Let’s go back to my algebra class now, just a week before the turning cyclist lesson.  On this particular day we started the lesson again by referring back to Jacobs.  This is what appeared at the top of the page:

In past years I have paused for maybe a minute or so to comment on the spiral of square roots and the ram’s horn before delving into the practical part of the lesson.  But this year, for some reason, I felt compelled to pause a bit longer and engage my students in a collective contemplation of this beautiful mathematical structure.  I asked questions like, “What do you see?  What do you like?  What is interesting?  To my surprise, just a few simple questions led to a pretty lively dialogue about the figure.  My students’ engagement suddenly became self-sustaining, so I thought I would run with it.  “Hey, let’s all try to recreate this figure on our paper.”  This led to more discussion–questions like, “How shall I start?” and “What units should I use?” and “Does it even matter what we choose to represent ‘1’?”  Then we compared results, and students began to imagine creating even bigger spirals that wrapped around multiple times.  Before we knew it, class was over and we never even “covered” the actual lesson.  But I didn’t care–my students were captured by the beauty of mathematics.

But what happened next was even more interesting.  Two of my students (one of whom is the same student who asked that question about the cyclist: “Why do we have to know this?”) came up to me the next day and asked if they could have a sheet of my big flip chart graph paper.  When I asked why, they answered, “We want to try to make a bigger square root spiral.”  You can imagine my reaction and my response.

Soon the three of us were strategizing together on what to use as “1,” how to determine where on the paper to start the spiral so that the area of the paper would be maximized, etc.  The two students were really into their little project.  No, I did not ask them to do it.  No, I did not offer any extra credit for a completed spiral.  And no, there was nothing “real world” about this–well, that is to say, creating a spiral of square roots was not going to help them get a job some day.  But, in reality, this little mathematical engagement may have been the most “realistic” math (read: most true to the nature of math) that these students had ever done.

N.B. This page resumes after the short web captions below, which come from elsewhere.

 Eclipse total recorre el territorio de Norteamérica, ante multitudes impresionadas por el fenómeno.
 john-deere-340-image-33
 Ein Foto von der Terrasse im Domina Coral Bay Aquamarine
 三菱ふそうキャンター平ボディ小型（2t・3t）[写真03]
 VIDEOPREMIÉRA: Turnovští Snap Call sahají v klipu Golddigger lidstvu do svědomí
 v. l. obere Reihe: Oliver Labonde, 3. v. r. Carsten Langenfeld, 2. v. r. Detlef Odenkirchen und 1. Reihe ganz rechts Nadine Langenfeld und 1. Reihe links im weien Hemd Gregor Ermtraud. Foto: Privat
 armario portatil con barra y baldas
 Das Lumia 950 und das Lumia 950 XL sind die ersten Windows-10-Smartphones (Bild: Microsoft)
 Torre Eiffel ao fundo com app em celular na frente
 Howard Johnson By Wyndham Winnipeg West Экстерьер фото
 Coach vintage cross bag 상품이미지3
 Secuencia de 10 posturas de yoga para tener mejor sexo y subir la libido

These two students spent 15 minutes of their study hall for the next week and a half meticulously working on their spiral.  One day another 8th grader asked them why they were doing it.  The student who was down on the cyclist problem answered quickly, “Because it’s cool.”

You see, I think she found the spiral interesting.  And in the case of the spiral, I think it’s interesting because it’s beautiful.

In classical education we are exhorted to put in front of our students things that are true, good, and beautiful and then to pretty much get out of the way.  I know that this approach works, but sometimes I need to see the evidence.  Well, here it is:

The finished product of these two students now hangs on my wall.  Why?  Because it is beautiful, because it is interesting (every student and adult stops, looks, and asks about it), and because it reifies for me the fruitfulness of a classical mode of teaching.  That is, when we cast off the shackles of pragmatism and put in front of our students interesting ideas–true, good, and beautiful ideas–the conversation shifts from an exchange between instructor and pupil to a communion among souls fueled by a shared connection with and desire for the very Author of goodness, truth, and beauty.

What if when a student asked, “Why do I need to know this?” we could confidently answer, “Because it will change you.  Because it will help form your soul.”  What kind of education would that be?

Or, what if a student never felt compelled to ask this question in the first place.  What if the value in what he was learning was readily apparent at the very core of his being.  What kind of education would that be?  I bet there wouldn’t be any tricks.  I bet most textbook writers would be looking for alternate lines of work.